Lors de la dernière Commission Consultative de l’Environnement, lundi 16 décembre, l’ACSAN a demandé à avoir connaissance du cahier des charges qui fixera le cadre dans lequel seront élaborés les projets des candidats. Contrairement au principe retenu pour toute pièce publique, ce document ne sera pas porté à la connaissance des demandeurs.
L’ACSAN a l’intention de transmettre une lettre ouverte à l’ensemble des candidats-tes aux municipales, dans les collectivités particulièrement concernées, afin de connaître et faire connaître leurs engagements relatifs aux mesures liées à l’aménagement de l’aéroport et à son devenir.

soutien à la manifestation du COCETA dimanche 10 novembre

Bien évidemment la décision était prise en amont de la concertation qui a servi essentiellement à identifier des mesures pour tenter de calmer les riverains particulièrement impactés. Nous le rappelons : la seule solution pour concilier développement de l’aéroport et protection de la population est le transfert. Solution très rapidement balayée à partir d’éléments ne figurant pas dans les cahiers d’acteur des associations favorables au transfert.
L’ACSAN soutient le grand rassemblement organisé par le COCETA, dimanche 10 novembre à 15h devant l’aérogare de Nantes-Atlantique.

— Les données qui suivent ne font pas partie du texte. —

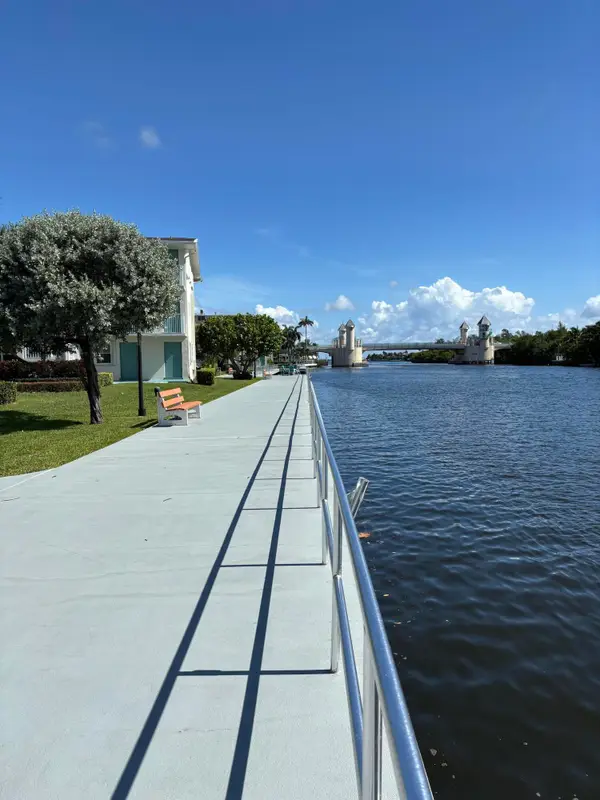 210 Horizons E #107, Boynton Beach, FL 33435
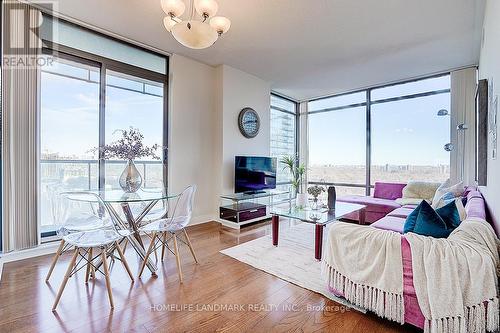 2109 - 18 Yorkville Avenue, Toronto, ON - Indoor Photo Showing Living Room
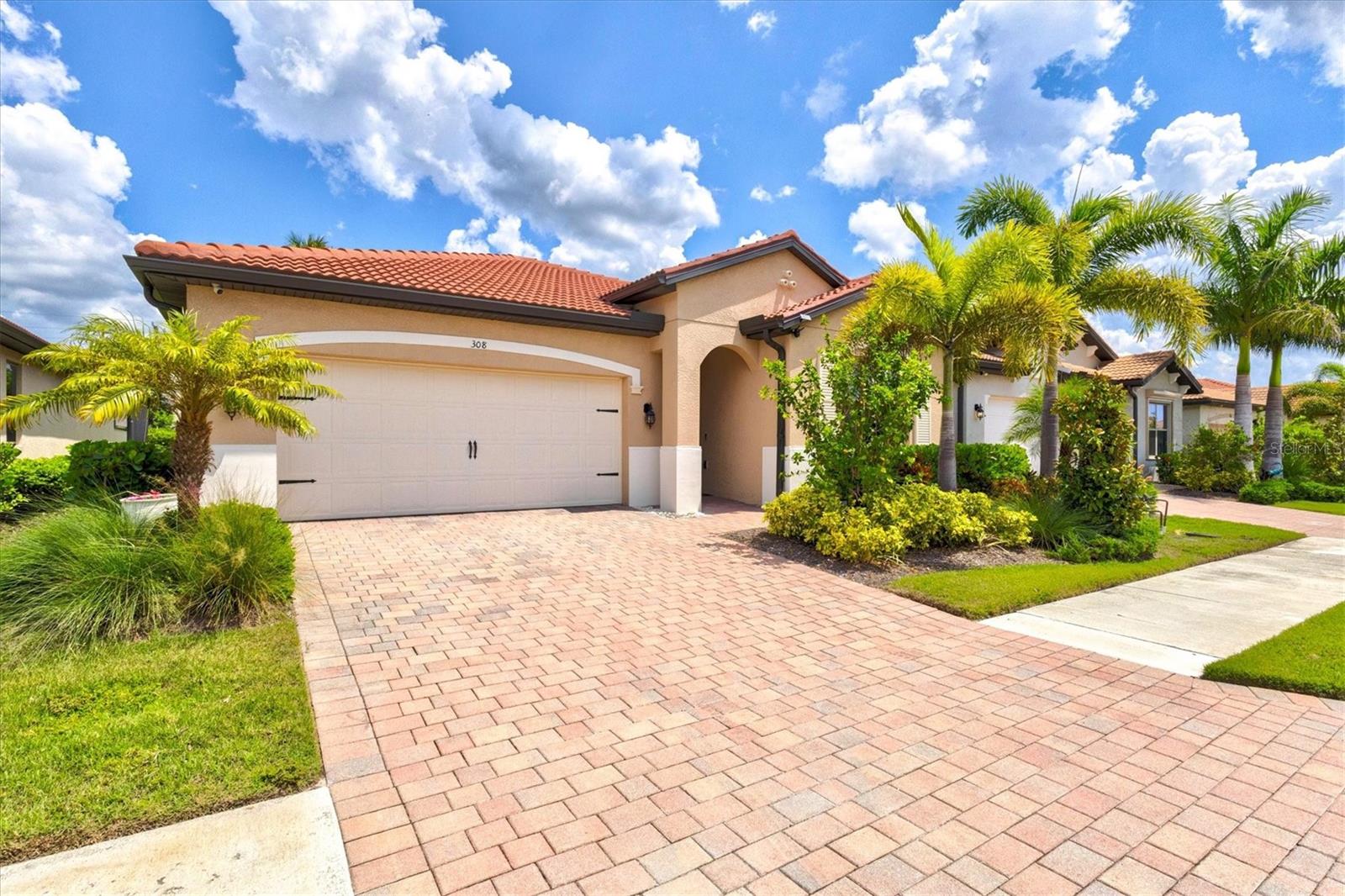 2nd image of 308 Soliera St, Nokomis, FL 34275 | MLS# A4703065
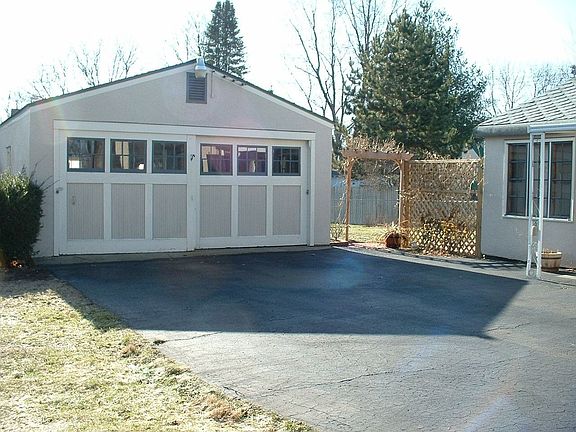2 stall detached garage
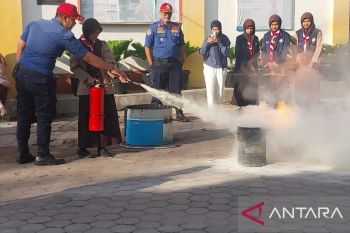 "Damkar Goes to School" edukasi siswa dan guru di Padang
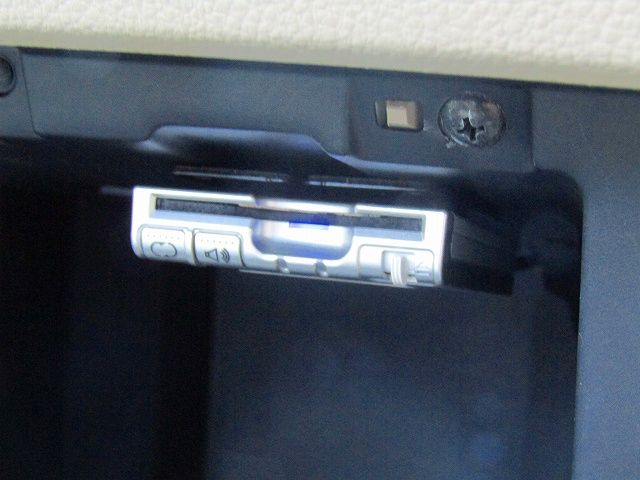 Nissan TIIDA 2010-10 180790-22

l’État confirme la condamnation des riverains de l’aéroport Nantes-Atlantique

Après une parodie de médiation qui a orchestré le pitoyable abandon du transfert à NDDL, après une concertation pendant laquelle a été largement, massivement et inexorablement exprimée l’exigence du transfert, le gouvernement vient de prendre une décision qui condamne les habitants de notre agglomération à subir, pour de très longues années, les risques et les nuisances liés au survol à basse altitude des zones urbaines à forte densité.

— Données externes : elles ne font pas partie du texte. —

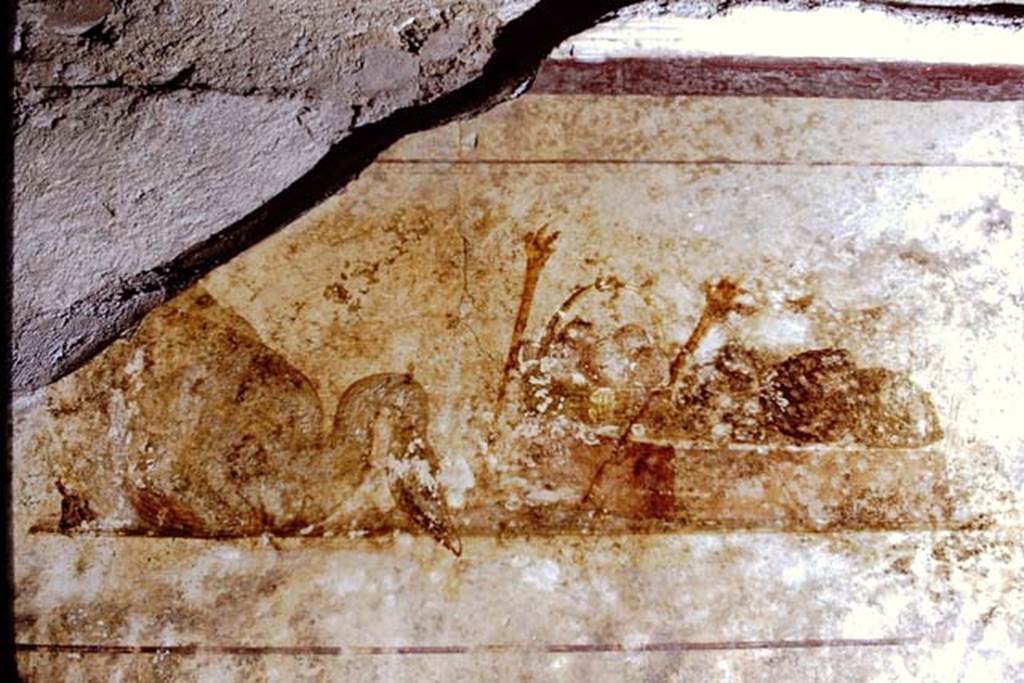 II.1.12 Pompeii. 1971. Upper part of west wall of triclinium with wall painting of a swan, a basket and two torches.  Photo by Stanley A. Jashemski.
Source: The Wilhelmina and Stanley A. Jashemski archive in the University of Maryland Library, Special Collections (See collection page) and made available under the Creative Commons Attribution-Non Commercial License v.4. See Licence and use details.
J71f0166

Une décision savamment préparée et qui nécessitait, avec cette concertation, d’être confortée par la recherche de nouvelles justifications. C’est une manipulation un peu grossière mais qui permet de leurrer le grand public bien loin de toute cette réalité.
La question était de savoir comment concilier le développement de l’aéroport et du territoire avec la protection de la population. Face à la seule réponse existante, le TRANSFERT, elle est devenue : comment condamner en même temps le développement de l’aéroport et la population survolée.

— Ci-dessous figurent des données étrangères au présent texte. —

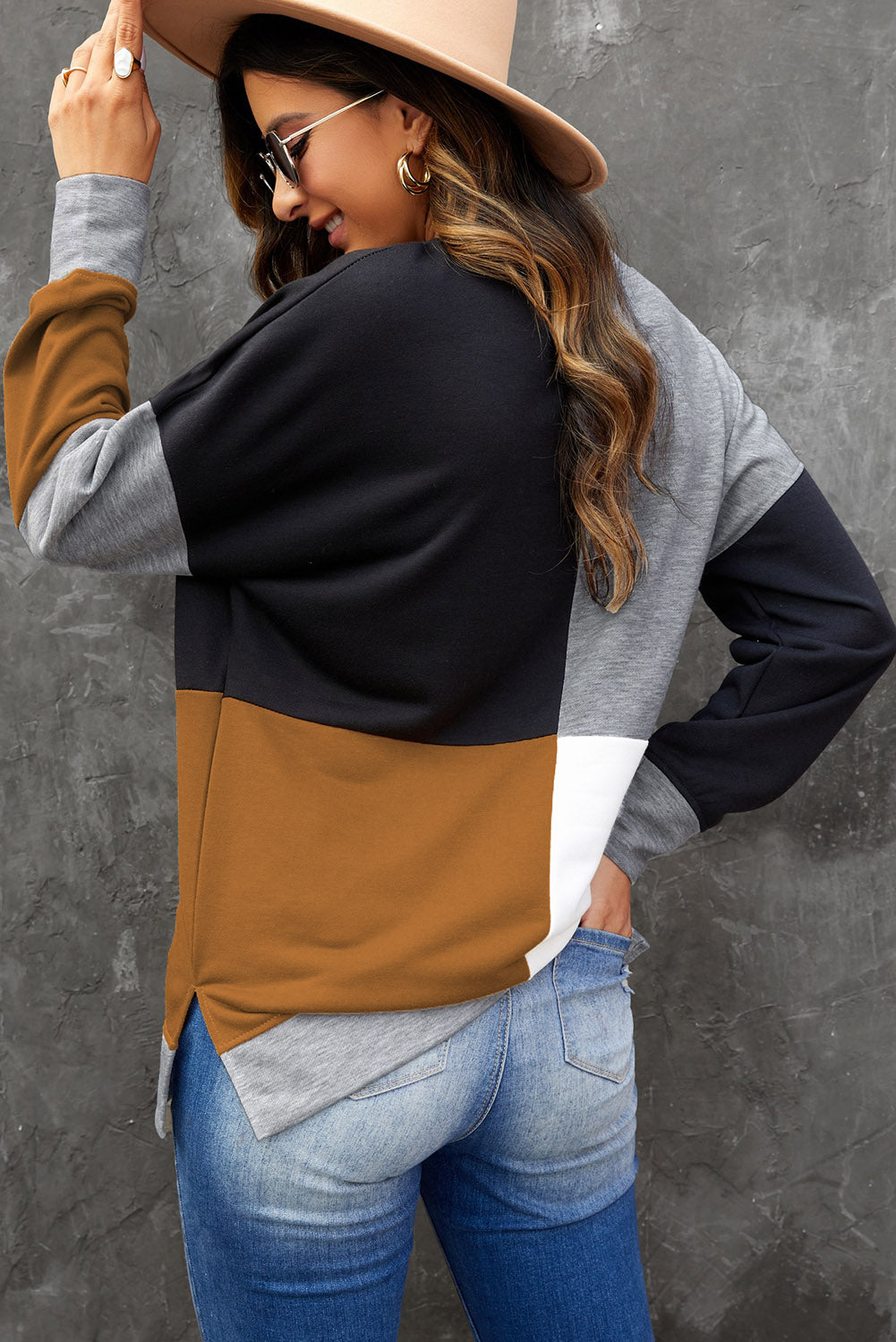 Color Block Round Neck Sweatshirt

En effet, la simple réfection de la piste et son allongement de 400m ne peut répondre à la formidable croissance du trafic de l’aéroport, la plus forte des aéroports français, sans commune mesure avec les prévisions totalement dépassées de la DGAC. Cette décision du gouvernement a été prise malgré un flou sidérant sur bien des points. D’une part, pas d’indications précises sur le coût, sur la durée de la fermeture de l’aéroport, sur la durée de la concession, sur les compensations environnementales, sur l’impact environnemental et sanitaire, sur la participation de l’Etat à l’amélioration des dessertes. D’autre part des préconisations qui en restent au stade d’intentions puisqu’elles nécessitent de passer par la voie légale pour devenir effectives. C’est le cas notamment du droit de délaissement exceptionnel, de l’aide à la revente des logements mais également de l’alternative d’approches par le nord qui dépend de l’autorisation de l’aviation civile internationale. 
C’est l’aboutissement d’une catastrophique décision prise en janvier 2018 sous la pression de la violence. Cette lamentable affaire fait désormais référence pour tous les grands projets à venir et a déjà suscité et encouragé de nombreuses autres actions empreintes, elles aussi, de violences et de destructions.